THE PROBLEM: Every line from the start of the records through the line with "Kids Love You" is to be written out exactly; pictures are not.

Caption-style text data:
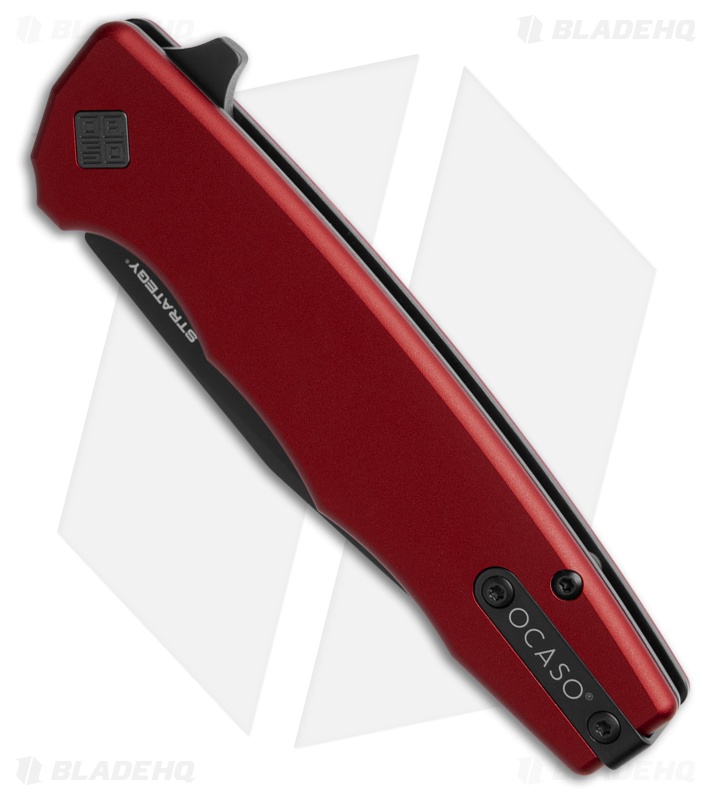 Ocaso Strategy Liner Lock Knife Red Aluminum (3.5" Black) 29RDB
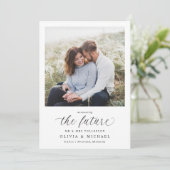 Elegant Photo Wedding Engagement Announcement Kaart (Staand voorkant)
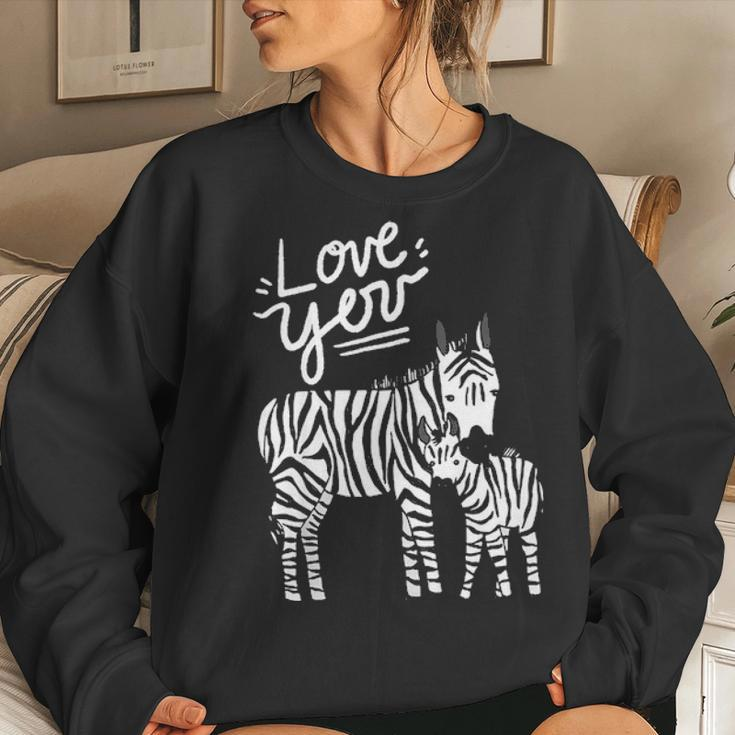 Kids Love You Happy Kids Apparel Mother Zebra And Baby Women Crewneck Graphic Sweatshirt Gifts for Her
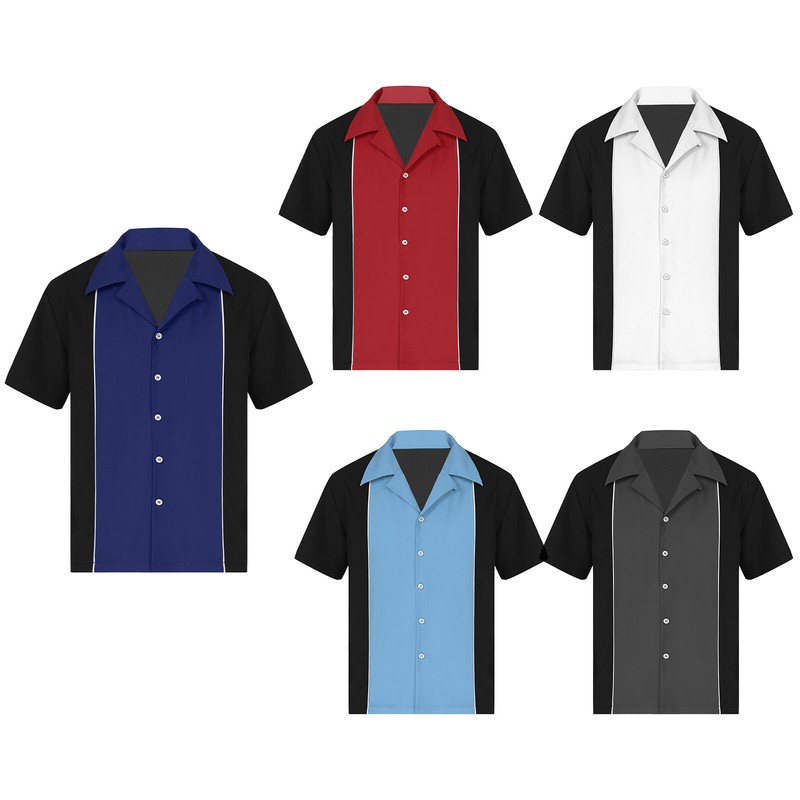 トップス 50s 60s courneu short sleeve shirt Mens Retro Camp Shirts 50s Bowling T-Shirt Short Sleeve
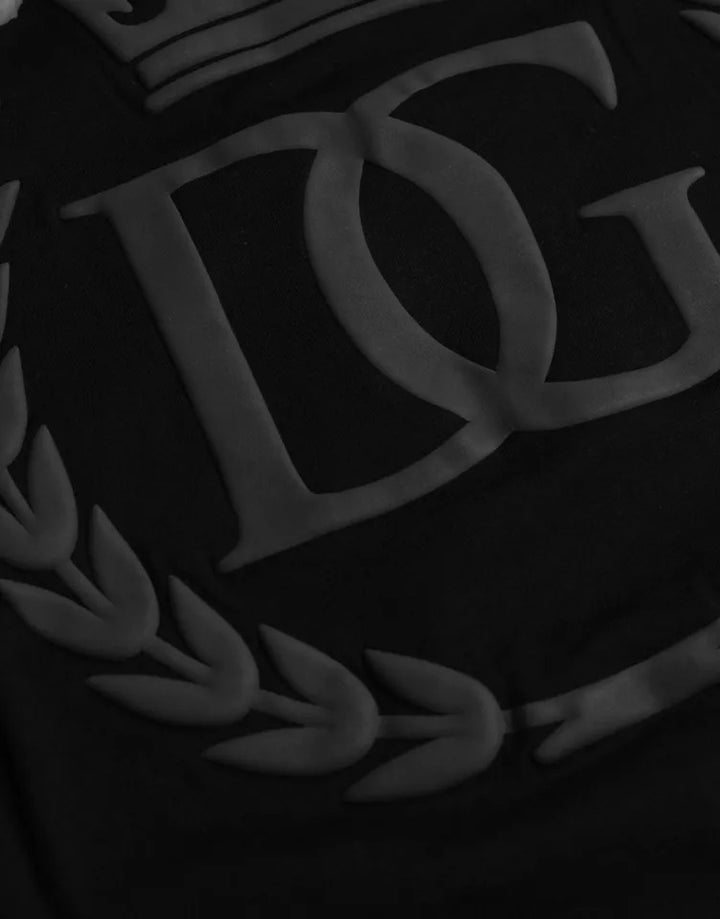 Black round-neck cotton T-shirt with embossed logo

OUTPUT BELOW:
 Ocaso Strategy Liner Lock Knife Red Aluminum (3.5" Black) 29RDB
 Elegant Photo Wedding Engagement Announcement Kaart (Staand voorkant)
 Kids Love You Happy Kids Apparel Mother Zebra And Baby Women Crewneck Graphic Sweatshirt Gifts for Her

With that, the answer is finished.